Plusieurs lois ont affaibli, voire détricoté les principes de la négociation collective, elle devient aujourd’hui une arme possible dans les mains du patronat.
Le ton employé par Sophie Binet montre un rapport d’égalité, non seulement en tant que personne mais aussi au regard des principes du droit de la négociation collective. Ce dernier a en effet pour objet de rééquilibrer, sur le plan collectif, l’inégalité qui, sur le plan individuel, caractérise la relation employeurs-salariés. Le contrat individuel de travail entérine un lien de subordination que le droit syndical, le droit du travail, les règles de la négociation collective visent à rééquilibrer. La négociation collective constitue aussi une réduction du pouvoir unilatéral des employeurs. Les contraindre à négocier est très souvent un enjeu de lutte au même titre que les revendications elles-mêmes.
C’est pourquoi les progrès dans le droit de la négociation collective ont toujours accompagné les progrès dans les droits sociaux et démocratiques des salariés au travers des grands moments de luttes sociales. Mais l’inverse est vrai aussi. C’est ce que nous vivons depuis de nombreuses années.
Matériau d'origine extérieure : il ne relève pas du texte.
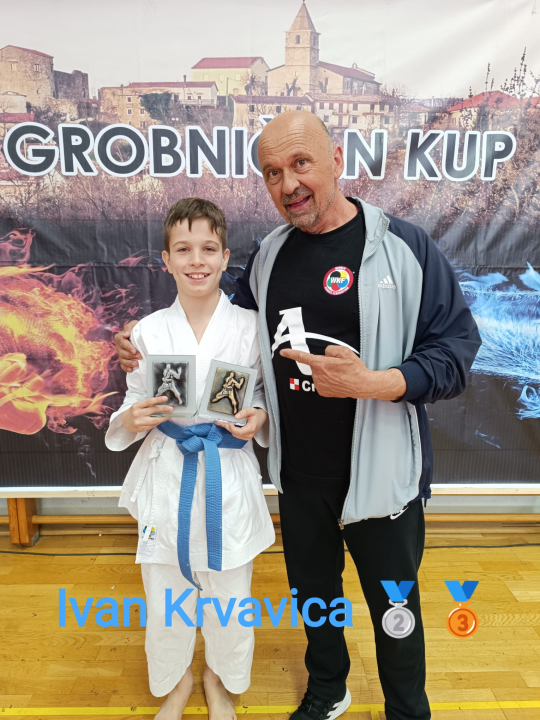 Berba medalja karataša iz Miminca na Grobničan kupu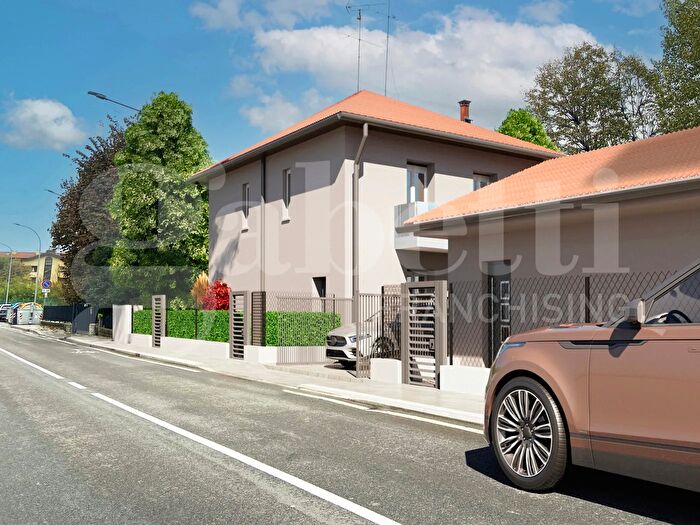 Casa con 5 locali in vendita in Via del Lazzaretto, Bologna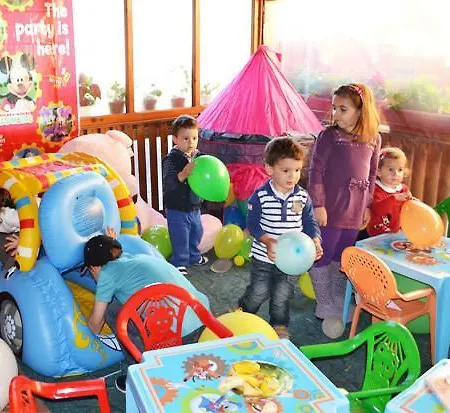 Rosu בית הארחה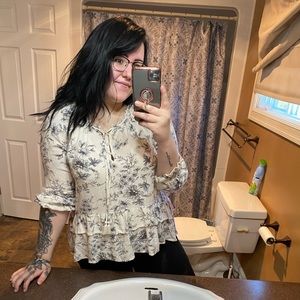 Meet your Posher, Genevieve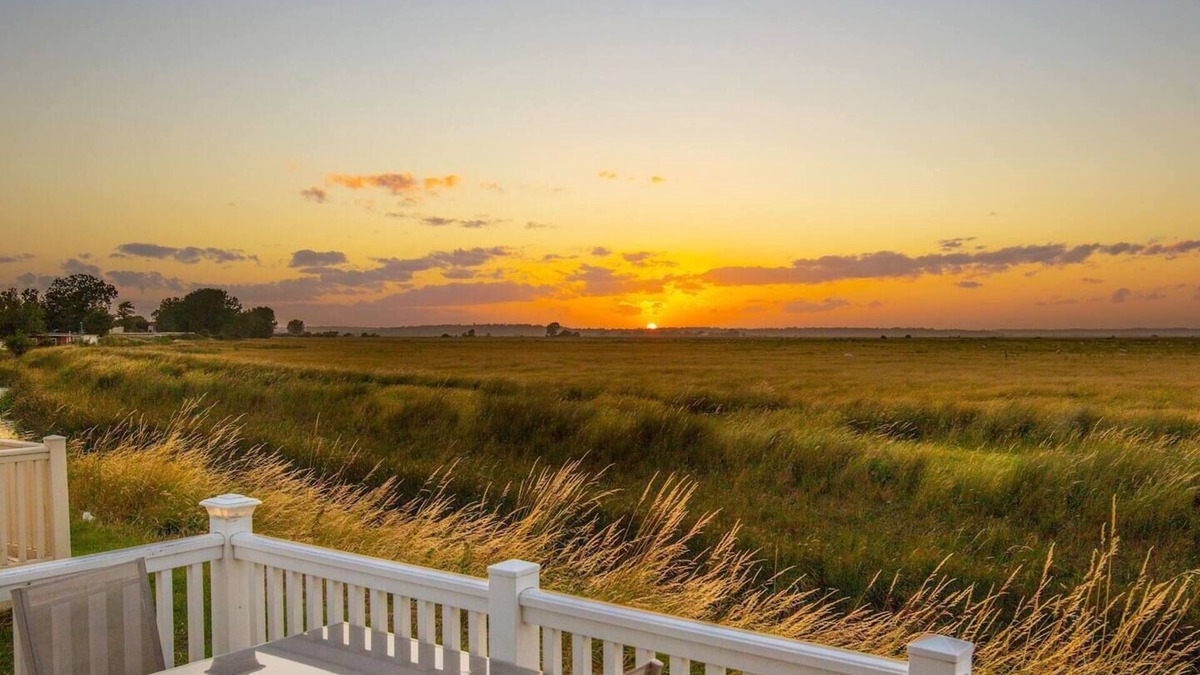 Camber Cabin | River Lodge Platinum Plus Holiday Home with Views, Decking, Wifi and Netflix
Plusieurs lois ont affaibli, voire détricoté les principes de la négociation collective en tant que droit des salariés exprimé par leurs représentants syndicaux. Elle devient aujourd’hui une arme possible dans les mains du patronat pour faire passer au travers d’accords nationaux interprofessionnels des dispositifs qu’il ne parvient pas, ou difficilement, selon les circonstances, à obtenir de la loi ou du pouvoir politique.
Il y a donc tout lieu d’être très vigilant quand le patronat affirme sa volonté de redonner toute leur place à ce qu’il appelle (avec d’autres) des « partenaires sociaux ». Le mot « partenaires » dit bien ce qu’il veut dire. Il nie la contradiction d’intérêts et le rôle spécifique des syndicats d’un côté et du patronat de l’autre dans la négociation. La CGT récuse ce terme et préfère celui d’acteurs ou d’interlocuteurs sociaux. Quoi qu’il en soit, la CGT a une stratégie de négociations, appuyée sur l’information, la consultation et la mobilisation des salariés, et sur la recherche de convergences entre les organisations syndicales. Elle refuse de se mettre d’emblée hors du jeu en annonçant qu’elle ne signera rien. Ainsi, s’il arrive qu’un chéquier ouvert attende un stylo, il arrive aussi que la disponibilité d’un stylo contribue à ouvrir et à remplir le chéquier.